Soluling home   Document home

Fuzzy Matching

Fuzzy Matching

Fuzzy matching (Wikipedia) is a technology to find strings that match less than 100%. It makes it possible to find strings matches that are very similar but not 100% the same. For example, if you have already translated a very similar sentence, it may be useful to reuse the existing translation than to translate it from scratch. Let's have an example. If you have the following sentence.

This is a sample

You have translated it into German and French. Now, if you have three other sentences.

This is one sample
This is another sample
These are samples

All the above sentences are similar to the original sentence. Also, the meaning is similar or even the same. Fuzzy matching can calculate a matching percentage for each string. The following table contains fuzzy percents for the strings compared to the original string.

Sentence Fuzzy percent Description
This is one sample 83% The match is close. The translation of the original string can be reused here.
This is another sample 73% The match is quite close. The translation of the original string can be reused if slightly modified.
These are samples 58% The match is quite far. The translation of the original string may be reused if modified.

Fuzzy matching lets you reuse a much wider amount of existing sentences than a perfect match. However, whenever using translation provided by fuzzy matching, a great concern should be taken, carefully checking the translation before accepting it. For example, take a look at the following two sentences:

This is a very good bike
This is a very bad bicycle

Fuzzy matching gives a 73% match for those two sentences; even the meaning of the sentences is very different.

Soluling's translation memory uses fuzzy matching and segmentation to find the most optimal translations. Fuzzy matching is also used when importing data. In both cases, there are two fuzzy options that you can set in order to configure a fuzzy engine for your needs. The options are percent and filter.

Percent

This specifies the threshold percentage. All matches that exceed or equal to this limit are counted.
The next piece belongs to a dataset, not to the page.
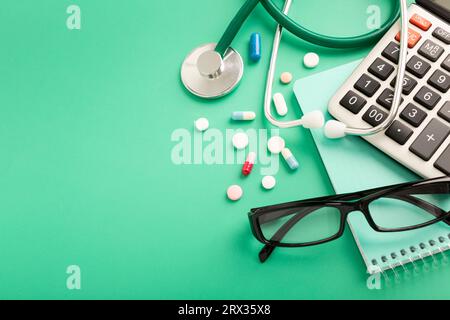 Medizinisches Konzept mit verschiedenen Medikamenten und Rechner auf blauem Hintergrund. Hochwertige Fotos Stockfoto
The default value is 80%. It makes the fuzzy engine pass only those strings that have very similar to the string needed. You can increase this limit all the way to 100%. A value closer to 100% gives more accurate matches, but the possibility of finding at least one match decreases. If you lower the limit, you will get more matches but less accurate.

Filter

Soluling's fuzzy engine uses a very efficient fuzzy matching algorithm. Still, if your translation memory contains tens of thousands of strings, it might take too long to compare all strings. This is why the application uses filtering. This is a special algorithm that quickly calculates if a string might have a close match to the search string. Filtering can greatly reduce the time needed for finding suitable matches. There are three levels of filtering: low, medium, and high. Medium is the default value, and it performs moderate filtering. If you want the fuzzy engine working faster, set the filtering to high. If the speed is not an issue for you, set the filtering to low.

To make fuzzy matching faster, make sure you install Soluling into a computer with at least 2 CPUs. Soluling can utilize multiple CPUs when calculating fuzzy matches.